The newest smartphones and other devices are in high demand among India's Gen Z and millennial population, who find it easier and easier to obtain them even when they are beyond their means, due to personal loans.

As a result, demand for personal loans to purchase high-end cellphones and consumer gadgets is surging in India. According to "How India Borrows," an annual study on consumer borrowing gadget trends produced by Home Credit India, a fintech company, the percentage of such credit (among personal loans) has climbed dramatically, from 1 percent in 2020 to 37 percent in 2024.

The study, which involved polling over 2,500 borrowers in the 18–55 age range who made an average of Rs 31,000 per month, was carried out across 17 Indian cities.

Additionally, borrowing for building and home improvement has increased significantly, from 9% in 2022 to 15% in 2024.

This demonstrates the desire of customers to upgrade their houses, which is driven by a positive economic outlook and an increasing aspiration to become homeowners. The Chief Marketing Officer of Home Credit India, Ashish Tiwari, noted that this development suggests that people are now giving priority to long-term asset investments.

The study also showed that demand for education loans remained stable, with a 4% share from 2022 to 2024, highlighting the continued importance of children's education.
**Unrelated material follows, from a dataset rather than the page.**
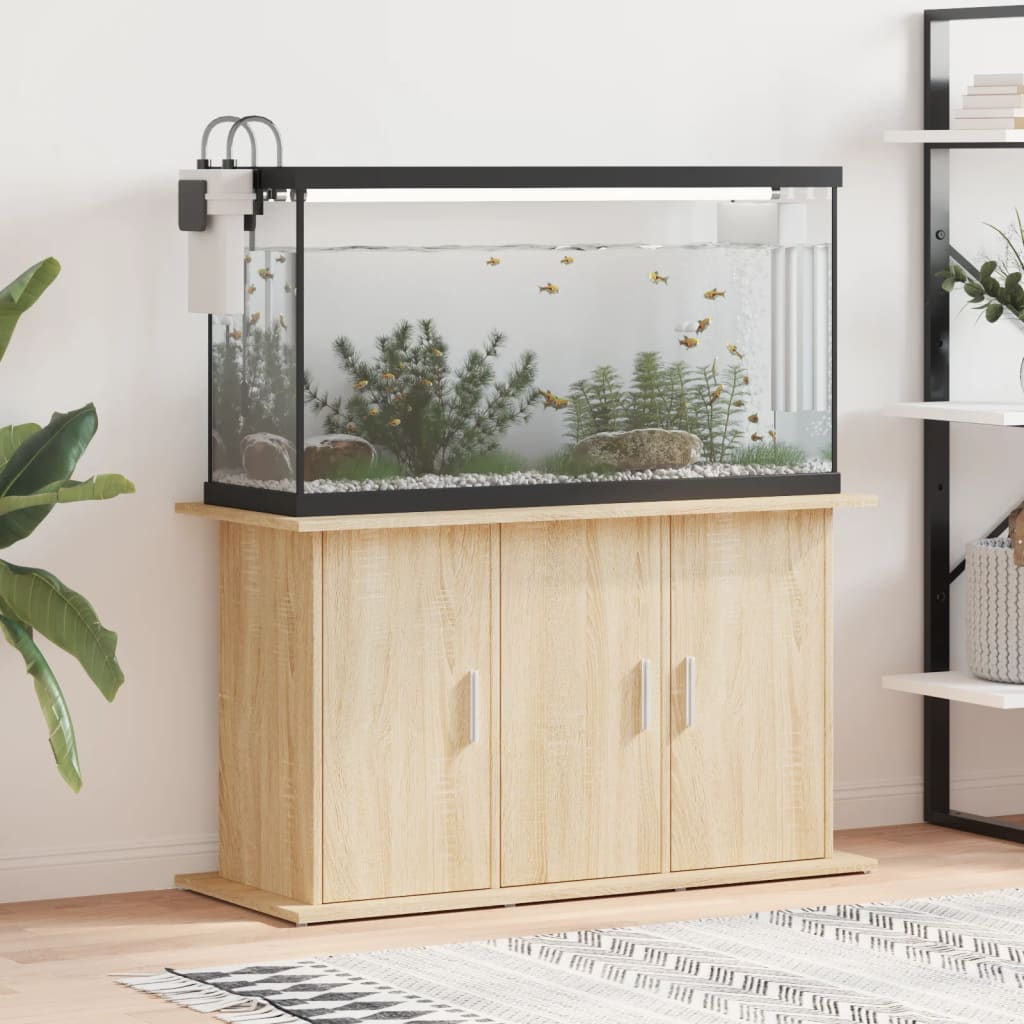 Aquarium Stand Sonoma Oak 101x41x58 cm Engineered Wood - Direct Imports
In the meantime, the percentage of loans taken out to cover wedding costs increased gradually, from 3% in 2021 to 5% in 2024.

According to Tiwari, the percentage of loans used for healthcare crises dropped significantly from 7% in 2020 to 3% in 2024. He attributes this decline to better financial preparation and more insurance coverage.

According to the survey, the percentage of loans for automobiles and two-wheelers climbed sixfold between 2020 and 2024, from 1 to 6 percent, indicating the rising demand from consumers for more mobility and personal transportation.